* [Collected data entries]:
===============

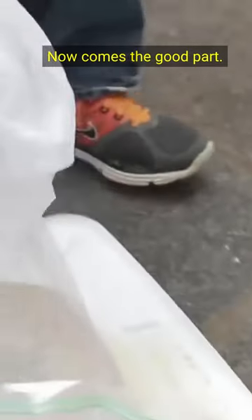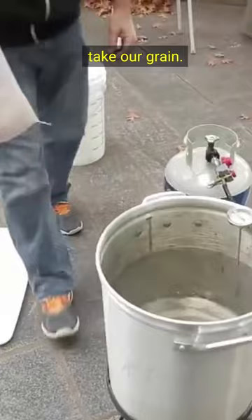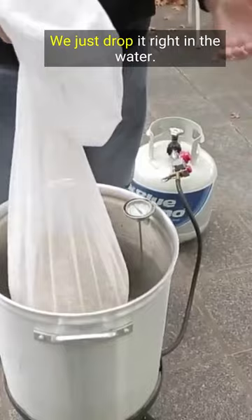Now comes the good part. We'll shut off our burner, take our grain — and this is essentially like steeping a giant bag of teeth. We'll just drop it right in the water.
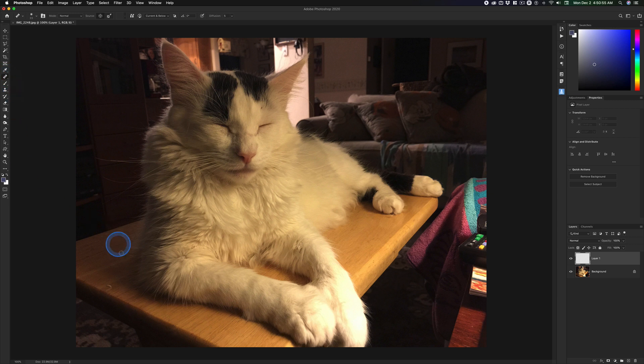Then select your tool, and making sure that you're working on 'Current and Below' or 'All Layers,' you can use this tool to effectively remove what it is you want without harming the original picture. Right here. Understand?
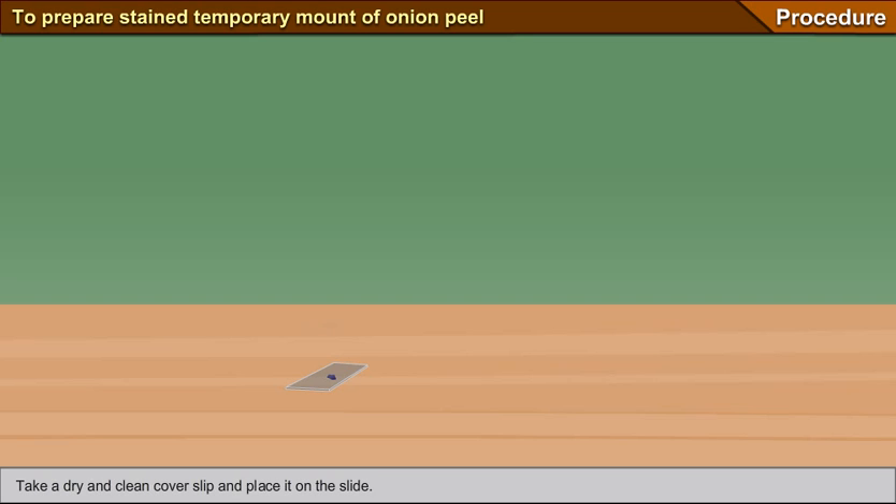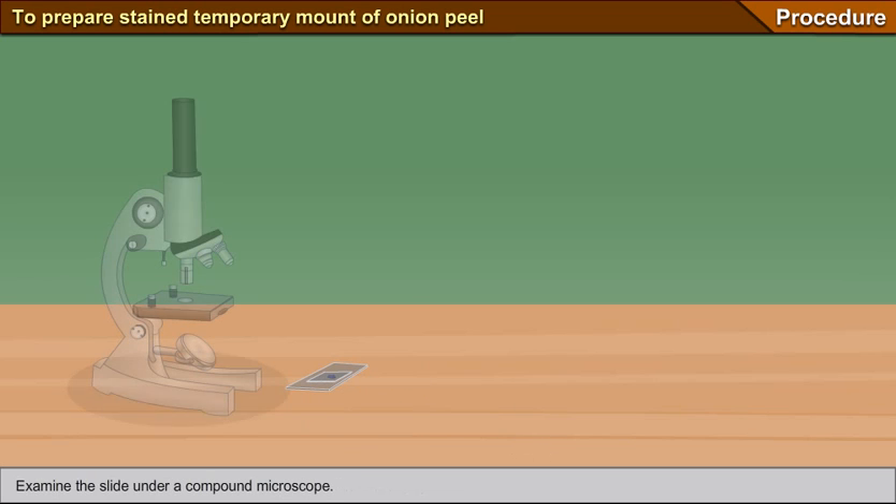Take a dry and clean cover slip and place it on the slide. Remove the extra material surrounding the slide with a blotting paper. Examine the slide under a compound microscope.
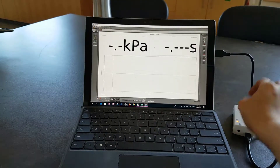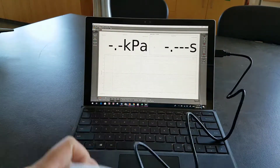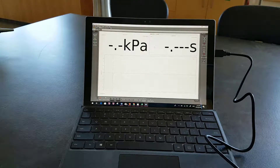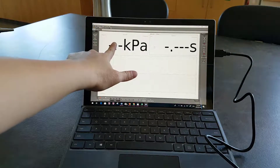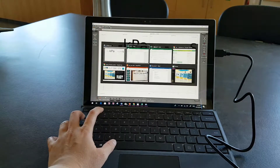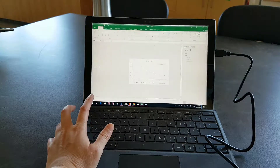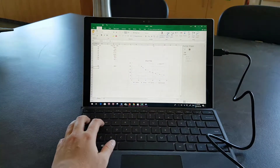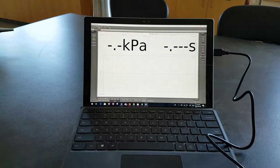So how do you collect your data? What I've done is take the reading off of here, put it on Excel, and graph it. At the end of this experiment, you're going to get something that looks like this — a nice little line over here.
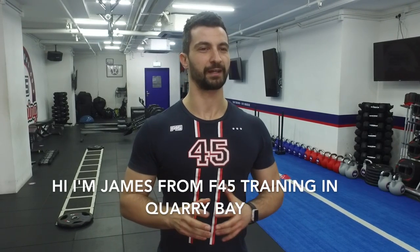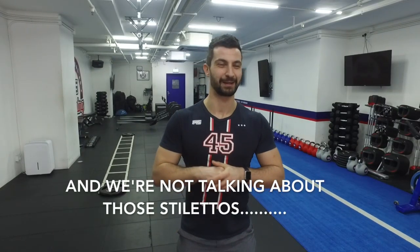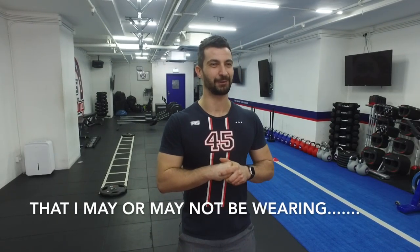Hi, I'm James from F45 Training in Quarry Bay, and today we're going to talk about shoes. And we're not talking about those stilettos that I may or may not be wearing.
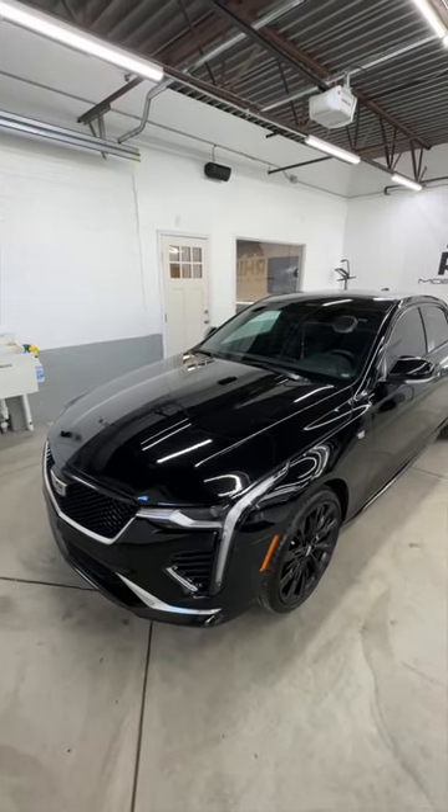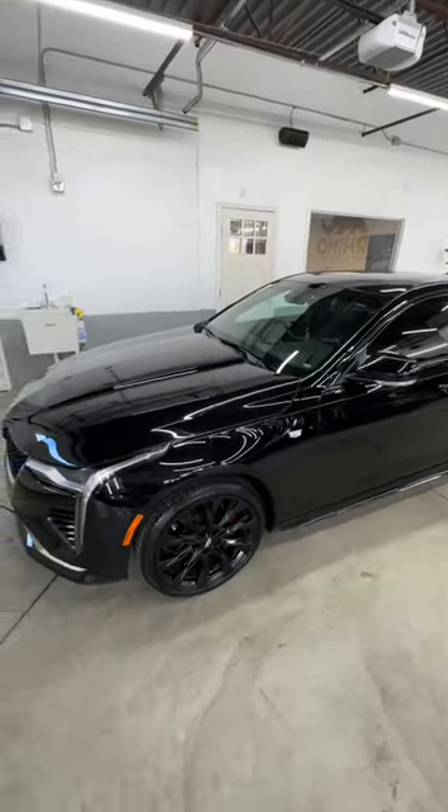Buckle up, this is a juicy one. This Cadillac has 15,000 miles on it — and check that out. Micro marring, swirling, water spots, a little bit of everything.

===============

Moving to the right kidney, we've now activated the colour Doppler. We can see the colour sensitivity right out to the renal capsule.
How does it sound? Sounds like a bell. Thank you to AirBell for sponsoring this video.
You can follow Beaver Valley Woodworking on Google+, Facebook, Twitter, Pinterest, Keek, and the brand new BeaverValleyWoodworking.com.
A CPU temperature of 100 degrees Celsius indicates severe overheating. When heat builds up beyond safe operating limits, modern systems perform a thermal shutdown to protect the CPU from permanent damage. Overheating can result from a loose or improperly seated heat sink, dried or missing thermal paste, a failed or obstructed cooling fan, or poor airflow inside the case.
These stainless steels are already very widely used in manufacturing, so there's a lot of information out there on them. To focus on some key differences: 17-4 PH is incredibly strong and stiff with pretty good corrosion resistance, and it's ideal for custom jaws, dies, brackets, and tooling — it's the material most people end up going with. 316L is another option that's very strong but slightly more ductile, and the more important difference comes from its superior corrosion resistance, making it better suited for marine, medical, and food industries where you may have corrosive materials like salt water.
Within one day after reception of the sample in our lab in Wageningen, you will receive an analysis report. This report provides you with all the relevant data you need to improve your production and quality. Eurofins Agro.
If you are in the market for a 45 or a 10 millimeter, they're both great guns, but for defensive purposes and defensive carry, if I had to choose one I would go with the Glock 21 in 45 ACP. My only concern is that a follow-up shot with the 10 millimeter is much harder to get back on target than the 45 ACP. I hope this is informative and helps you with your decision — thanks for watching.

===============

* [What is required]: All that is required is the number of lines in the data above that contain the word "follow".

* [Answer to the exercise]: 2